You can make up your own mind about the Mirai’s accentuated wedge styling. Some might consider it too progressive (not me), possibly even too aggressive, especially at the front (not me), but like it or not, it certainly has its own strong identity, and that’s no bad thing.
The Mirai’s interior design is mildly futuristic and the 4-seater cabin has a very contemporary feel. It’s comfy, adequately spacious and with just the one spec grade it’s well equipped as standard with touch-sensitive, sliding temperature controls, a JBL 11-speaker audio system, rain-sensing and de-icing wipers, a rear-view camera, Toyota’s Touch 2 with Go Plus multimedia/nav system and a wireless smartphone charger among much else.
Ultimately though, the Mirai feels no more opulent than a well-specced Avensis – which, incidentally, has a substantially bigger boot – and it’s much less sumptuous than a £60k Audi, BMW, Jag, Lexus or Merc.
Toyota says we should “Think of a fuel cell vehicle as a hybrid car where the petrol tank and combustion engine are replaced by a hydrogen tank and a fuel cell stack”. More accurately, think of the Mirai as car where the petrol/diesel tank and combustion engine are replaced by a hydrogen tank (two in this case), a fuel cell stack (which allows the hydrogen gas to react with oxygen from the outside air to produce electricity), a battery (to store and distribute energy generated from braking) and an electric motor.

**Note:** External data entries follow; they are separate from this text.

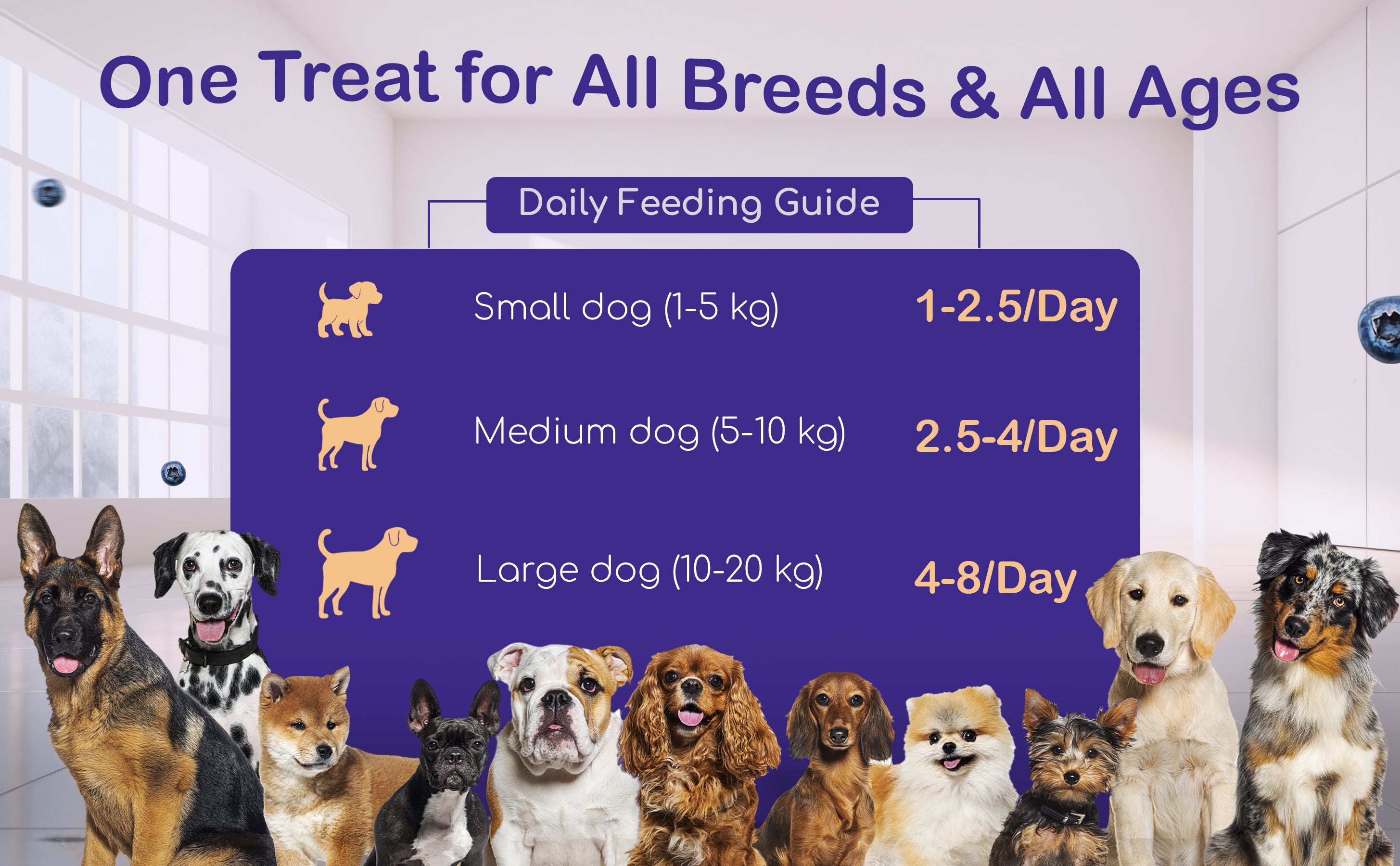 slider image slider_item_cGVLeb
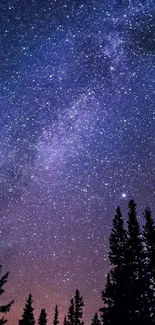 Starry night sky with silhouetted pine trees.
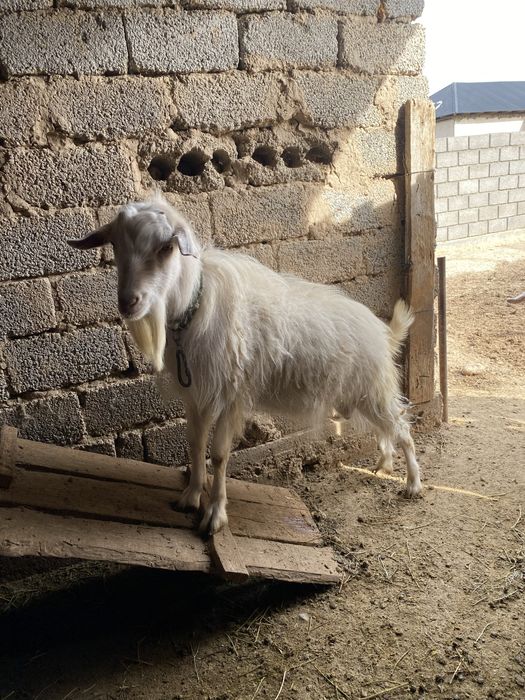 Теке сатылады 1 жасар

The only bi-product or emission of the hydrogen-to-electricity process is water – 7 litres of it per 100km, which drips from a concealed plastic tube.
So where does hydrogen come from? Pretty much anywhere really, from biomass, natural gas or from water by electrolysis. That bit is relatively simple, renewable and eco-friendly.

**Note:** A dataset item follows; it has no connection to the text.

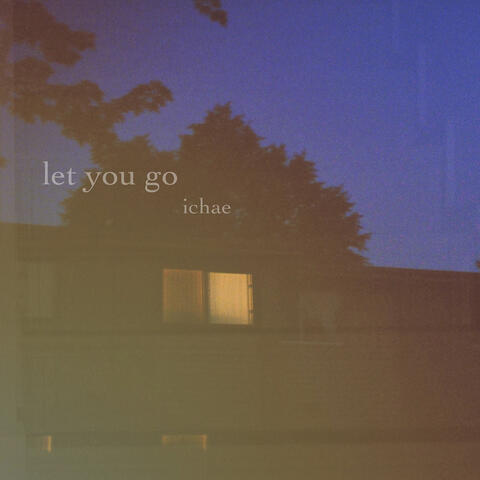 Let You Go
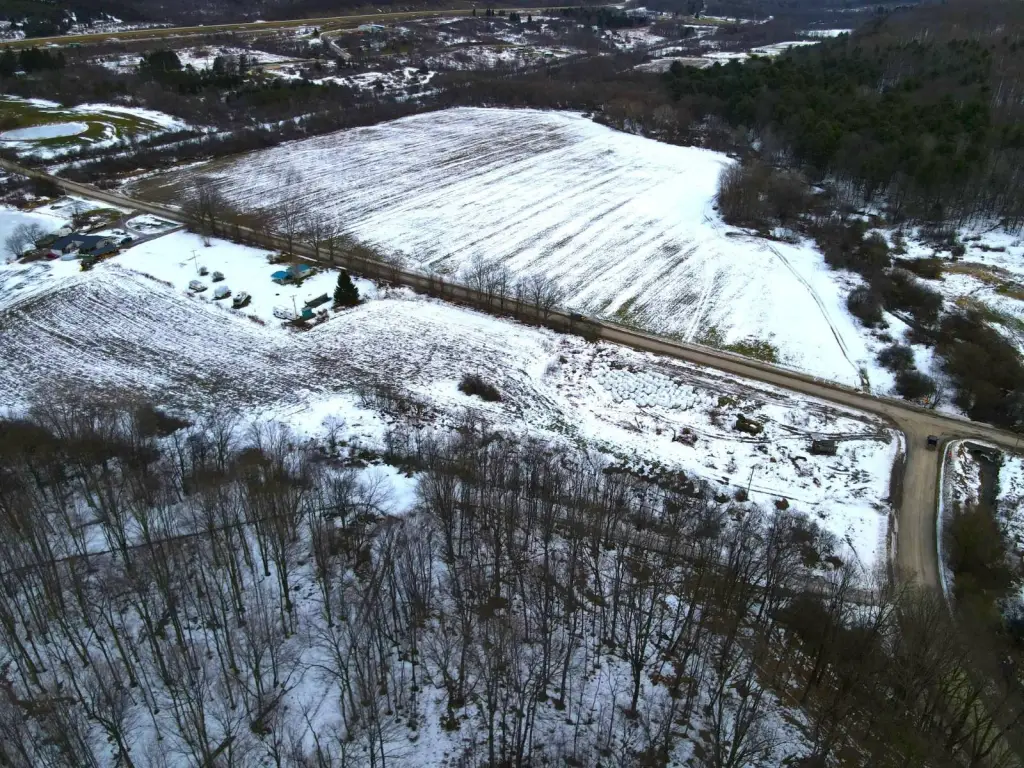 Picture 6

Transferring the hydrogen from nozzle to the Mirai’s twin tanks at the required 700 bar is also a problem solved. The tanks, by the way, have a combined 122.4-litre capacity, but due to the high level of pressurization, hydrogen is measured by weight. Together the Mirai’s twin tanks hold up to 5kg.

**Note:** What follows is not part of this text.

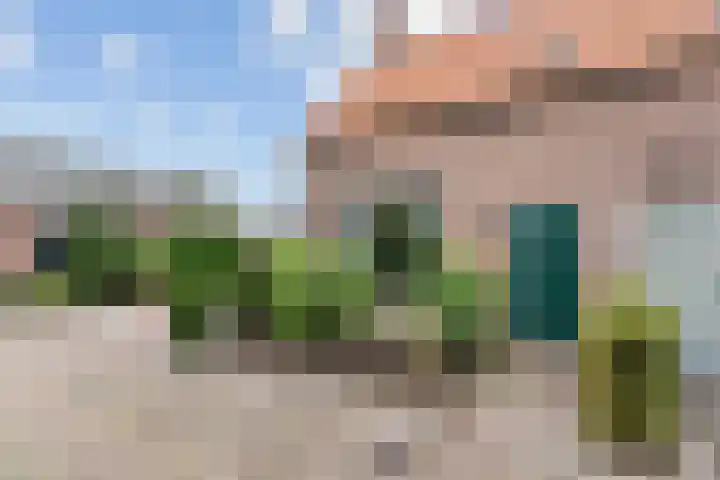 Waal 10 Waal thumbnail 5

At present hydrogen is about £10 per kg, so to fill a Mirai costs about £50 (included in Toyota’s leasing deal), which in turn gives a range of about 300 miles. To compare; a combustion-engined car averaging 50mpg would go about 200 miles further on £50 of fuel.
Unlike recharging the batteries on a plug-in or EV, the hydrogen filling process is as quick as with petrol or diesel – less than five minutes, but because it’s on account at a dedicated station, you won’t find yourself queuing to pay behind supermarket shoppers.
In a game of word association, ‘Hydrogen’ is likely to be followed by ‘Bomb’, but Toyota is very keen to reassure that safety is also taken care of as the Mirai’s tanks are bullet-proof and the car has been subjected to a uniquely intensive crash-test program. Should a fuel leak occur then, being 14x lighter than air, the hydrogen will rise and disperse harmlessly into the atmosphere. Should there be an abnormal rise in temperature, eg. a fire, then pressure relief device gradually releases the hydrogen to prevent overpressure or explosion. But ‘bulletproof’? Well yes – they’ve even shot the tanks with a high-velocity rifle to be sure.
The Mirai’s also been tested in all climates and it starts and operates in temperatures as low as –30°C.
So, the main issue for owners is hydrogen availability as in the UK at present you can only refuel a Mirai at Heathrow, Hendon and Swindon, with a Teddington ‘pump’ opening later this year. The hydrogen infrastructure is due to expand though, with two more (East London and Sheffield) in 2016, a further 10 or so by mid 2017 and a total of 65 by 2020 if all goes according to plan.
Should you buy one? Assuming you’re sufficiently flush, that you live in reasonable proximity to a refueling facility and that you’re an eager early adopter who’s excited by the notion of an emissions-free power station on wheels, I really don’t see why not.